E anche la scuola non è preparata. Ogni anno molti bambini si trovano ad avere a che fare con insegnanti di sostegno diversi, e spesso non formati. Se negli elenchi specializzati non è rimasta più alcuna disponibilità, il ministero all’inizio dell’anno scolastico pesca nel mare magnum dei precari. Laureati in matematica, lettere o filosofia accettano di fare gli insegnanti di sostegno per qualche anno per guadagnare punti e salire in graduatoria, nella speranza di arrivare un giorno dietro la cattedra. «In pratica», spiega Giovanni Marino, «si spendono dei soldi per pagare gli insegnanti di sostegno ma senza alcuna efficacia sui bambini malati». Nel disegno di legge sulla “Buona scuola” qualcosa sembra muoversi, con la previsione di percorsi di formazione e graduatorie ad hoc per insegnanti di sostegno specializzati in specifici disturbi. «Avendo due figli autistici», racconta Giovanni Marino, «ogni anno mi sono trovato a dover conoscere insegnanti di sostegno diversi, tutti precari, che cambiavano anche durante l’anno». Una logica, dice, «contraria all’autismo stesso. L’autismo è una patologia antitetica al cambiamento. I ragazzi autistici vogliono sempre gli stessi colori, diventano aggressivi se cambiano classe o si pitturano le pareti di un altro colore».

Una volta usciti dalla scuola, le cose vanno anche peggio. Le alternative sono due: l’isolamento in famiglia, o le residenze. Le strutture private accreditate, al contrario di quanto scritto nelle linee guida, ospitano spesso ospitano oltre 40 persone. Le eccellenze ci sono, ma sono sparse a macchia di leopardo. E non sempre si ha la possibilità di accedervi.
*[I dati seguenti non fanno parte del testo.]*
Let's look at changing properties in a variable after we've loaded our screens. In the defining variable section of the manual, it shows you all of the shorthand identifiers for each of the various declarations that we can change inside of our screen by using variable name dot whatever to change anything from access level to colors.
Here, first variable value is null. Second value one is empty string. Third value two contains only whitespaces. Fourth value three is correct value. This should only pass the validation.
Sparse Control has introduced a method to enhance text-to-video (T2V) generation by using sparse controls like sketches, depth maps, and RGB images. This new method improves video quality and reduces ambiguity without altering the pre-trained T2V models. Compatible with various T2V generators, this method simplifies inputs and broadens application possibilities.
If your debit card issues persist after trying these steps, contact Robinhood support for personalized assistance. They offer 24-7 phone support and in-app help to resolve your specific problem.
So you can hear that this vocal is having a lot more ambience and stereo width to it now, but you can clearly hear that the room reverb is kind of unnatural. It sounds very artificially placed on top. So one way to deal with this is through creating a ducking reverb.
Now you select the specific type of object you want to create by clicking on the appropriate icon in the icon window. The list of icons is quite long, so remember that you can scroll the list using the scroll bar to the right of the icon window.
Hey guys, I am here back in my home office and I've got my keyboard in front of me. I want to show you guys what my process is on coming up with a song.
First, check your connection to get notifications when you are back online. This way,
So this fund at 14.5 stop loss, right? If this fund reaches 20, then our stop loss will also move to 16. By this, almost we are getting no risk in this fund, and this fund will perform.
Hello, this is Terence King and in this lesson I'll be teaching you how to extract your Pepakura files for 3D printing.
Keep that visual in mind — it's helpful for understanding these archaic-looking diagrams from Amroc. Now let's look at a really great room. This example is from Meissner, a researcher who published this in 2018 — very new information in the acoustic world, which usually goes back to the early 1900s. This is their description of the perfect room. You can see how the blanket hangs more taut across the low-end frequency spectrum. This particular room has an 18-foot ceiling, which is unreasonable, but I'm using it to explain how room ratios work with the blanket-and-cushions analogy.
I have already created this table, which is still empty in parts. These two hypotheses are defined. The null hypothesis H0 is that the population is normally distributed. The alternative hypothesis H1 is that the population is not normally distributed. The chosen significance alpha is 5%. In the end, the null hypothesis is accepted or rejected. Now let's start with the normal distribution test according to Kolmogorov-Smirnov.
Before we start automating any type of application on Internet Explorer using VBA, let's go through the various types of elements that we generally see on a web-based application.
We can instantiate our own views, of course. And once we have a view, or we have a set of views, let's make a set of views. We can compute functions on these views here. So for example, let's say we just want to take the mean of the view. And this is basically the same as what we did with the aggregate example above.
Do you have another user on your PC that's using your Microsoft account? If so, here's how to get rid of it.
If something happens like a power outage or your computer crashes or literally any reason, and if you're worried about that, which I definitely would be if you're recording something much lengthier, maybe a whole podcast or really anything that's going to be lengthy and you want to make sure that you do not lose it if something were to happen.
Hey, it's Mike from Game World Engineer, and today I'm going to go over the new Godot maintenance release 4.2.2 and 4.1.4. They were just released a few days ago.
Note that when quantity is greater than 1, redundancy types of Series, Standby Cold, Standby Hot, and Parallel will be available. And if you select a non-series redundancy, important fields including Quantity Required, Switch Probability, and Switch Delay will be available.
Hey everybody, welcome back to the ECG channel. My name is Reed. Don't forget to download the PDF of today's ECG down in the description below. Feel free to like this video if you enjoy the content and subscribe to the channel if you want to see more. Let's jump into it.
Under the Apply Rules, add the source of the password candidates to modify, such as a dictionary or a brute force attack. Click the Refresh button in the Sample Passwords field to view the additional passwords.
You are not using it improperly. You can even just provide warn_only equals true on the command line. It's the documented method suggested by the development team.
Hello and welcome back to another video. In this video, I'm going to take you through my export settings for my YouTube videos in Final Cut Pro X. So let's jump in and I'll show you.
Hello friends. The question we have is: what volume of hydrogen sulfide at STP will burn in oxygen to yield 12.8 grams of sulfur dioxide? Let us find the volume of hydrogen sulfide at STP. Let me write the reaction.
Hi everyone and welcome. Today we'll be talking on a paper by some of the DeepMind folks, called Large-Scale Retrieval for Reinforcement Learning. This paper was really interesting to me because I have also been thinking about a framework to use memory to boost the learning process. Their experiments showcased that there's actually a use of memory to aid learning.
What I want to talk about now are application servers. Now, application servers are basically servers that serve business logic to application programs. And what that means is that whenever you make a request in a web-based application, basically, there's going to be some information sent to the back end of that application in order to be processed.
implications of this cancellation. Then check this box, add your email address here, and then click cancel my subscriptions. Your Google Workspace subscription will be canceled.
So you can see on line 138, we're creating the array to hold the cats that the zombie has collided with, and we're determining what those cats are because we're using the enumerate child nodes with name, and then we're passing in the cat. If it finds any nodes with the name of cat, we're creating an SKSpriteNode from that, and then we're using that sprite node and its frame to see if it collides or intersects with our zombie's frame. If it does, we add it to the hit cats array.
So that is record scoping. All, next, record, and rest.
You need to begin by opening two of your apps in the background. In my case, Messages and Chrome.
Per quanto riguarda le possibilità di lavoro, le persone affette da autismo rientrerebbero nelle categorie protette. In base a una legge del 1999 le aziende sopra i 15 dipendenti sono obbligate ad assumere un certo numero di lavoratori dalle categorie protette. Ma meno della metà delle aziende rispetta gli obblighi di legge. La stessa cosa vale per la pubblica amministrazione. E oggi l’80% degli autistici non lavora. Senza dimenticare però che «le persone con autismo non possono essere semplicemente portate a lavorare», dice Marino. «Bisogna disegnare un percorso protetto all’interno di un contesto in cui non si cambino abitudini da un giorno all’altro». Il signor Marino, ex ingegnere nucleare in pensione, un percorso del genere lo sta creando in provincia di Reggio Calabria, con la sua Fondazione Marino. «Tre dei dieci ospiti della fondazione avevano raggiunto un livello di autosufficienza tale per cui avrebbero potuto fare esperienze lavorative», racconta. Così a ottobre 2014, vicino alla fondazione è nata una mensa per i poveri in cui i tre ragazzi autistici lavorano. «I ragazzi vanno dalla fondazione alla mensa e hanno le loro abitudini», dice. Il passo successivo? «Mi devo adoperare perché questi ragazzi si sentano sprecati a dormire nella fondazione, e vadano ad abitare in una casa protetta, da dove partono per lavorare magari in un vero ristorante».